A Delhi boy. A boarding school. A stage.
And everything he unlearned along the way.

There’s a certain expectation we place on men as they grow, that they sharpen, steady, perhaps even shed the parts of themselves that feel too soft, too playful, too unguarded. That somewhere along the way, the boy must make way for the man.
Aashim Gulati never quite subscribed to that exchange.
When we met him earlier this year, what stood out wasn’t an attempt to perform ease, but the absence of performance altogether. There was a lightness to him, unforced and instinctive.
Gulati grew up in Delhi before being sent to a boys’ boarding school, an environment he remembers as “quite unforgiving.” By his own admission, he was “quite rebellious about following rules.” The sort of rebellion that doesn’t disrupt the room, but refuses to be defined by it either. Boarding school, he says, was less about polish and more about survival. “In order to conquer the world, you have to start with your own bed, make it.” A philosophy that feels almost quaint, until you realise how much of adulthood it continues to explain.
It was here, almost incidentally, that he found theatre. What began as an escape soon became something far more defining. “It was magic… I could be different characters,” he says, “and live vicariously through them.”
Bombay followed, with all its movement and unpredictability. Fifteen years on, what remains is not a singular transformation, but a series of selves, tested, shed, reassembled. “I’ve seen so many different versions of myself,” he reflects. What the city offers instead is time, the long, unglamorous apprenticeship of patience. “Good things take time. Great things take longer.”
There is resilience here, certainly, but not the kind that asks to be admired. Only the quiet work of showing up, again and again. “If I’m not happy with myself, I better stop expecting it from the world.”And perhaps that’s where this story truly sits. Not in what he has let go of, but in what he has chosen to keep. Not The Boy You Knew isn’t about growing up. It’s about recognising that the curious, instinctive, unafraid boy was never meant to be left behind.
“It was the most liberating feeling in the world. It made me feel alive and seen. Gave me an instant feeling of this is where I belong.”
– On first encounter with theatre.
Tell us about your first encounter with theatre.
Euphoric! It was the most liberating feeling in the world.
What did theatre and acting unlock for you?
It gave me a safe space to express things through characters that were otherwise difficult to express in real life. It gives you the freedom of not being judged, because it’s just a character I’m playing. I can be whoever I want and live vicariously through them, which also unlocks emotions I didn’t know I had.
“I used to play female as well as male characters in theatre, in an all boys school. So, on the contrary, I pushed my own version of ‘masculinity’ onto them.”
– On masculinity as a young boy.

What is your version of masculinity?
The idea of masculinity, and masculinity by definition needs to change. It’s how vulnerable you can be and still uphold yourself gracefully by not being scared of being seen.
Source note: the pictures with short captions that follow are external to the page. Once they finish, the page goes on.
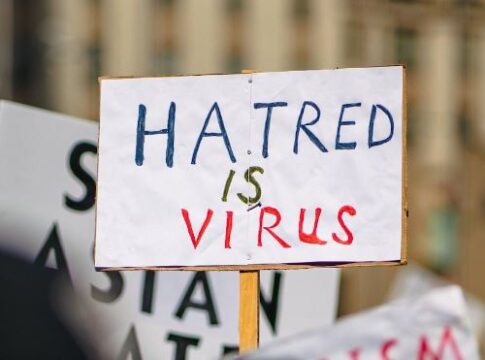 Hatred is a virus sign held up during protest of anti-Asian hate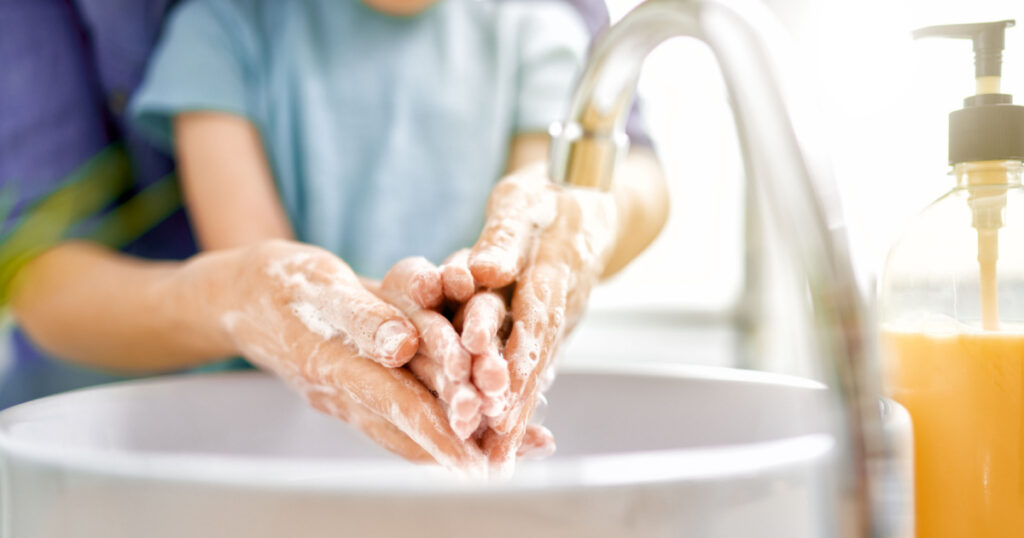 Kid and adult are washing their hands. Protection against infections and viruses. Close up.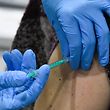 A woman receives an injection with the Pfizer-BioNTech Covid-19 disease vaccine at the regional coronavirus vaccination centre in Ludwigsburg, southern Germany, on January 22, 2021. (Photo by THOMAS KIENZLE / AFP)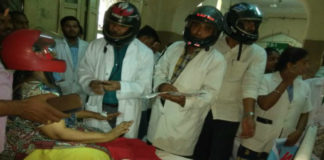Osmania Hospital’s Doctors Wear Helmets, OGH roofs crumbling doctors treat patients in the open, Doctors at Osmania Hospital wore helmets, Mango News, Osmania Government Hospital Latest News, Osmania Hospital Staff And Patients Wearing Helmets, Hyderabad Osmania General Hospital roof falls, Osmania Hospital reconstruction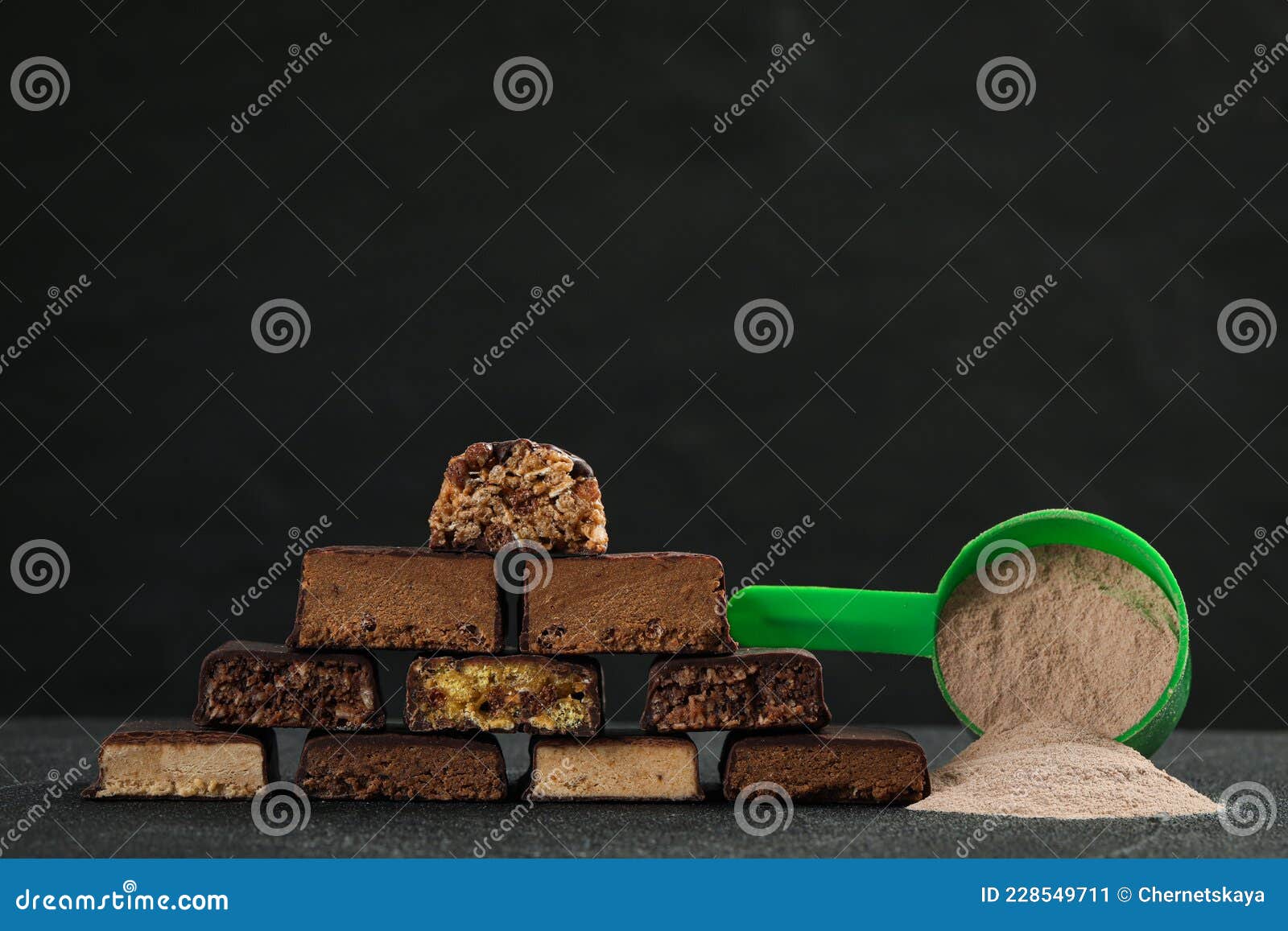 Different Tasty Energy Bars and Protein Powder on Grey Table, Space for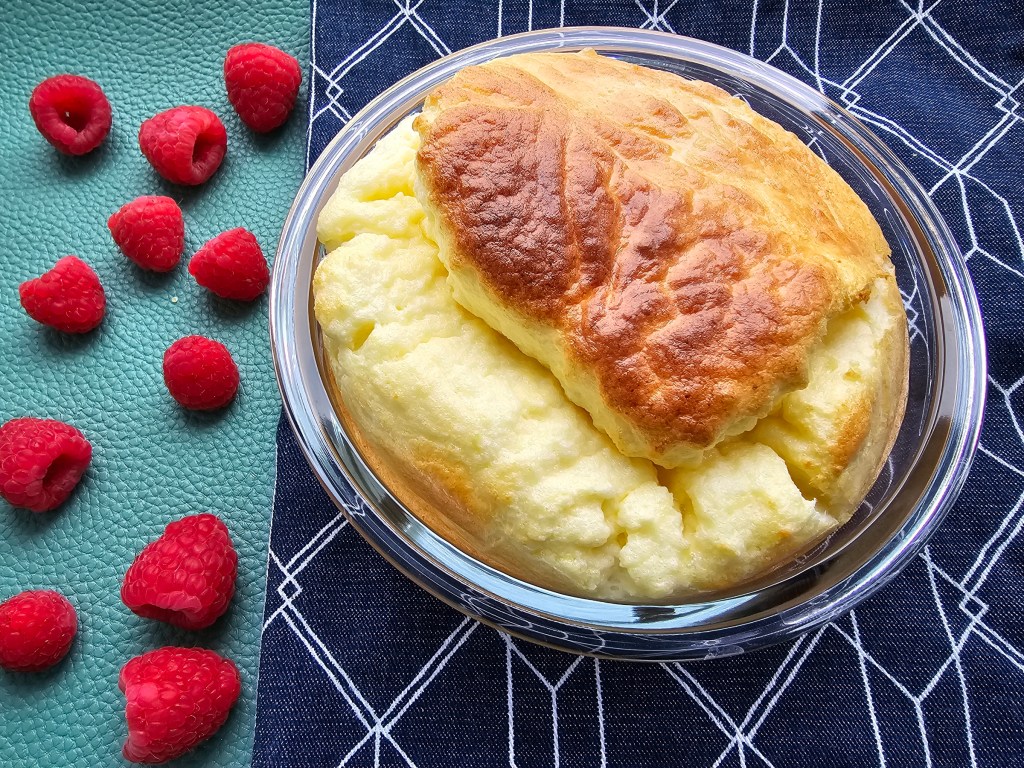 Baked high protein cheesecake souffle in an ovenproof dish, next to a handle of fresh raspberries.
To be comfortable equally with your feminine side as you are with your masculine and being able to balance the two.
What’s something you’ve had to unlearn about yourself along the way?
The need for validation, especially when in our business it’s all in the hands of the audience. So, I’m still learning to unlearn it and then let that come from myself first. If I ain’t happy with myself, I better stop expecting it from the world.

“It’s the calm, the peace, the quiet strength that the ocean brings and how beautifully it humbles me. A reminder how little you have in your control and how important it is to let go and not take this beautiful life for granted. It’s everything!”
– On his love for scuba diving and life underwater.
What did you come to Bombay for?
To chase something bigger than myself.
You moved to Bombay 15 years ago. What has the city taught you?
That nothing good comes out of being impatient. And you have to be a tiny bit delusional to be able to go after what you really want. And that resilience isn’t optional.
Was there a phase in your journey that quietly changed you the most?
I was both quietly and loudly evolving, changing, transitioning, transforming, becoming and unbecoming all at the same time. It’s Mumbai, there is nothing quiet about it, haha!
Quick takes…
Men should talk more about…
The fact that they don’t say enough.
I wish someone had told me earlier that…
Progress beats perfection. Always.
Masculinity, to me, now means…
Vulnerability.
Strength today looks like…
Consistency.
I feel most myself when…
Laughing at the most nonsensical things with a friend who gets it.

“How I’ve learnt to go through it all. Good, bad, and ugly. And considering where I come from, how far I’ve come.”
– On what would surprise his younger self the most.